Note: shaded areas correspond to quarters of GDP growth above 2.5%.
Since 2016, the amount of assets transferred has been entirely recorded as GFCF (use) and as matching imports (supply). These investment peaks are the accounting counterpart of the rise in the capital stock caused by the relocation of assets. The amount of annual GFCF has thus increased considerably compared to its pre-2015 level. The capital stock in Ireland more than doubled between 2014 and 2019. The detailed amounts by type of assets are not known for all categories due to the statistical secrecy that covers these operations involving only a few companies. It can be inferred that the largest increases are necessarily recorded for intangible assets and transport equipment marked with stars from 2015 in Table 1. Setser (2018, 2019, 2020) describes the tax avoidance strategies implemented by multinationals and traces the organisational change within multinationals in Ireland leading to these operations.
Note: The change in assets from 2018 to 2019 (EUR 158.7 billion) is equal to GFCF (EUR 163.8 billion) + Valuation and other volume changes (-EUR 5.2 billion).
The recent dynamics of Irish GDP and the distortions in its components can mainly be explained by the relocation of sales proceeds and intangible assets by multinationals. These effects have been notable since 2015 due to the size of the Irish economy and, conversely, the large amounts of transactions involved. Changes in Irish GDP and its components now reflect multinationals’ choice of location in addition to cyclical fluctuations.

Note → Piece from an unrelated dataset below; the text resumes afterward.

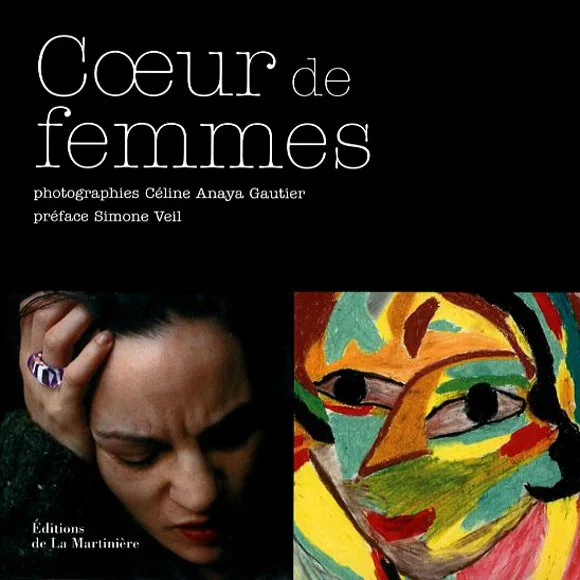 Couverture d'un livre intitulé "Cœur de femmes" avec une photographie d'une femme touchant sa tête et une peinture abstraite d'un visage féminin expressif.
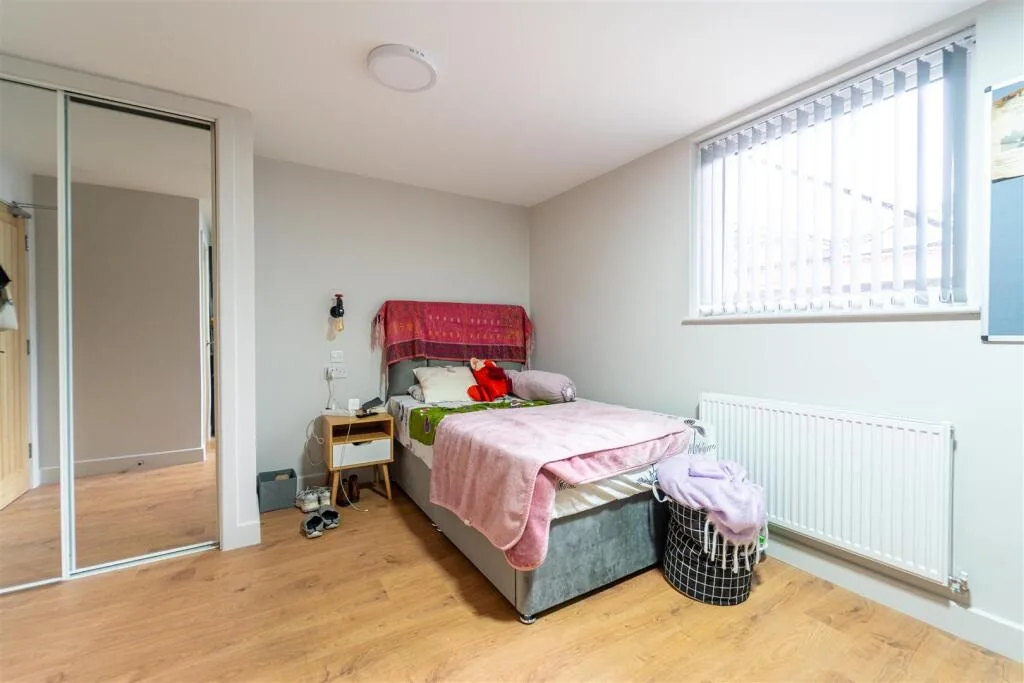 5 bedroom house for rent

More generally, US multinationals’ transactions also generate current account surpluses in European financial centres (Belgium, Luxembourg, the Netherlands, Malta and Cyprus according to the approach of Di Nino et al., 2020) and give rise to statistical asymmetries between the euro area and the United States (Cezar and Le Gallo, 2019). In 2018, the euro area’s current account surplus amounted to EUR 131 billion according to the ECB, while it stood at EUR 40 billion according to the statistics of the Bureau of Economic Activities. National accounts standards need to be adjusted and revised in order to achieve a consistent recording of multinationals’ transactions, in particular by clarifying the concept of economic ownership of production and intellectual property products and facilitating its application (Khder, Montornès and Ragache, 2020).